Sister Anna said that over the years the Sisters’ perspective on the tragedy has evolved from mourning to a spiritual boon.
“Suffering accepted has redemptive power, and the Presentation Sisters see the tragedy, both personally and collectively, in this light,” she said.
“Many blessings emanated from that night.

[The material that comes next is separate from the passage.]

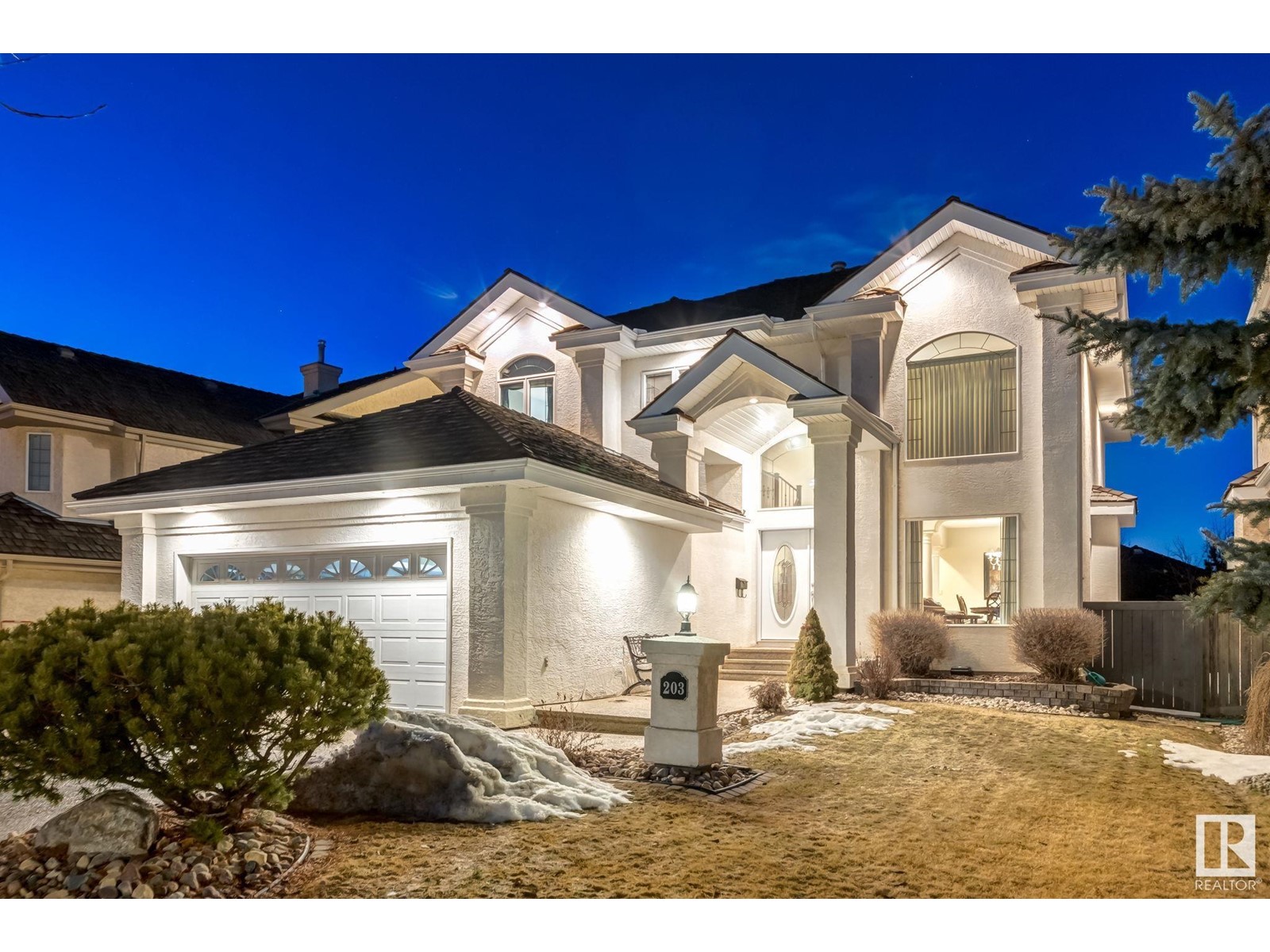 203 Darlington Cr NW, Edmonton, AB T6M 2T2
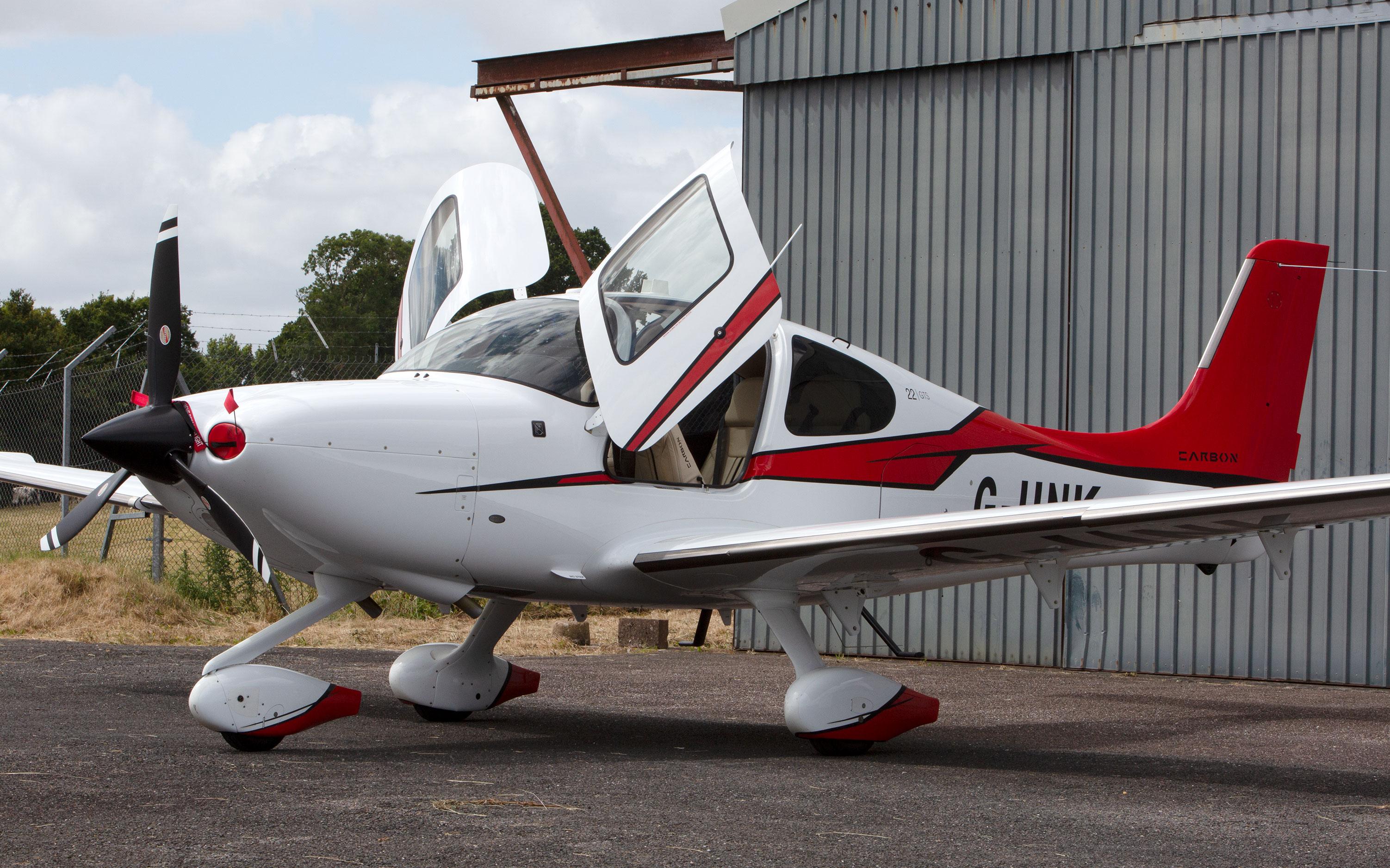 Cirrus - Cirrus SR22 - main photo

It is undoubtedly only in retrospect that we perceive this reality.”
The funeral was at St Mary’s Cathedral.  The Irish ambassador came from Canberra, and the Mass was led by Archbishop Redmond Prendiville.
For Mgr O’Shea, however, it was a year of great sadness for more than just the loss of his friend.
His mother was in Perth on a visit at the time, and “very sincerely condoled with me personally as she felt I had suffered a great loss in this fellow priest who was of my own class, and had gone through college with him”, Mgr O’Shea said.
She herself lost her life tragically in a motor accident within a year in Perth.Photos: courtesy of the archdiocesan archives of perth.

 

Archbishop faced a tough task of finding meaning for his flock in such a tragedy

By Anthony Barich

While the deaths of three Presentation Sisters and a diocesan priest caused hearts to be laden with sorrow, it was also an opportunity to reflect on one’s faith, hope and confidence in God’s Will, Archbishop Redmond Prendiville told the Memorial Mass at St Mary’s Cathedral following the event.
The four had died after their small boat capsised in the Mandurah estuary on January 28, 1959. Two other Presentation Sisters survived.
Even the oldest of the victims was comparatively young, the Archbishop said – the late Mother Patricia was “only 50”. The others ranged in age from 37 to 26. The late Fr Joseph O’Hara was 29. “All, they may say, were in the prime of life,” he said.
“It had pleased God in His own inscrutable design to call them to Himself, to call them from our midst even though the harvest was great and the labourers were few,” said the Archbishop, whose comments were reprinted in The Record at the time.
“And though their hearts that morning were laden with sorrow, they were also full of faith, hope, confidence and resignation to the Will of God and they uttered that fervent fiat, ‘Thy will be done’.
The Archbishop said that while Fr O’Hara was only in the Perth diocese for a short time, he made a “deep and lasting impression by his piety, industry, method, dignified bearing and his intellectual attainments which were of high standard”.
He said the three nuns were all “selfless and efficient teachers in the Presentation Nuns”. “But even though they were efficient teachers they were above all loyal and devoted Religious.
“May we not confidently hope that they who left homeland, father and mother, left everything dear to them and heeded the call of Our Lord to come to Australia, will receive, if they have not already received, the promise related by Our Lord in St Matthew, the reward one hundred fold, and receive eternal life.”